Cross-Platform Display Is Going From Niche to Mainstream In 2012 Says Google’s Mohan

2012 PredictionsThe 2012 version of the “predictions” piece comes with a twist as a selection of industry execs offer their thoughts on the following question:

“What’s going to happen next year in advertising that hasn’t happened before? And why?”

Neal Mohan, VP, Display Advertising, Google, offers his views.

I’m excited about a ton of things, but if there is one thing I’d be banking on – it’s that cross-platform display is going from niche to mainstream.  We got a taste in 2011, but it’s nothing like what 2012 has in store.

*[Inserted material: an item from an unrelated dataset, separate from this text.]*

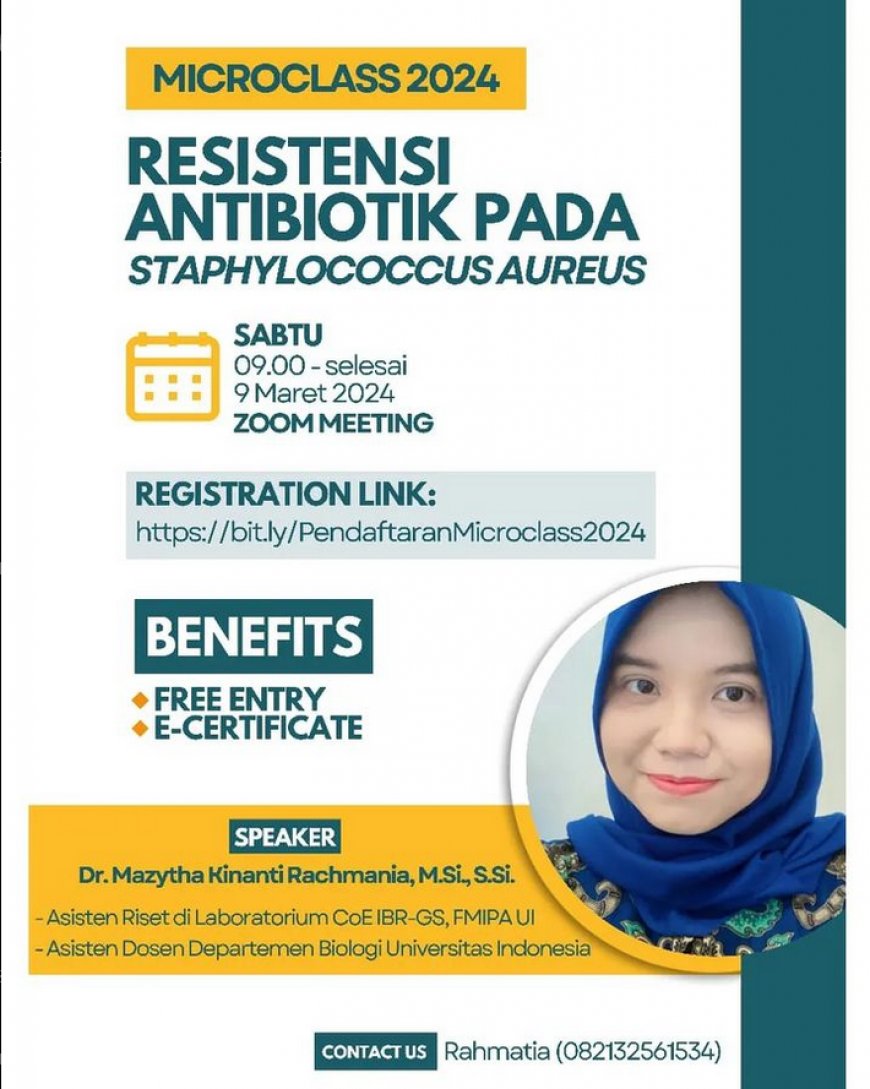 [ 9 Maret 2024 ]  Resistensi Antibiotik pada Staphylococcus aureus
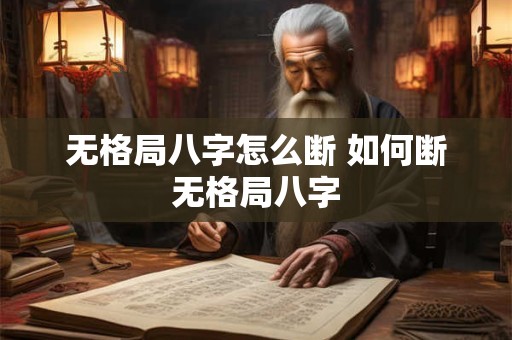 无格局八字怎么断 如何断无格局八字 无格局八字怎么断 如何断无格局八字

In 2011, collectively, we took a business model and buying and selling infrastructure that had developed around ads viewed on a desktop computer, and expanded it to include mobile and video formats. In 2012, this more holistic way of looking at display will not just be a promising technology, but an essential platform for publishers, advertisers and agencies, all of whom want the ability to seamlessly buy and sell display ads across multiple screens: PCs, smartphones, tablets and video players.  And I think we’ll start to see other devices and screens joining the mix.

For publishers, this will mean the ability to manage their entire yield from a single place — no more relying on disparate, siloed information and not being able to see the full revenue picture. I’m confident that publishers want this because we’ve already seen it – we rolled out video support in DFP earlier this year and have seen 50% quarter-over-quarter growth in video ad volume.

We also know that advertisers and agencies ideally don’t want a separate buying platform for each type of media — they want a way to buy across all formats, and in 2012 I think they’ll get it. Real-time bidding (and by extension audience buying) has proven to be a transformative technology for buying desktop display — on our exchange, it currently accounts for 60 percent of all transactions. In 2012, we’ll start getting into that ballpark for mobile and video as well.

I’d describe the landscape for buyers and sellers today as “cobbled-together”, particularly when it comes to non-desktop formats.  By the end of 2012, we’ll be much closer to having a completely customizable platform across all devices and formats.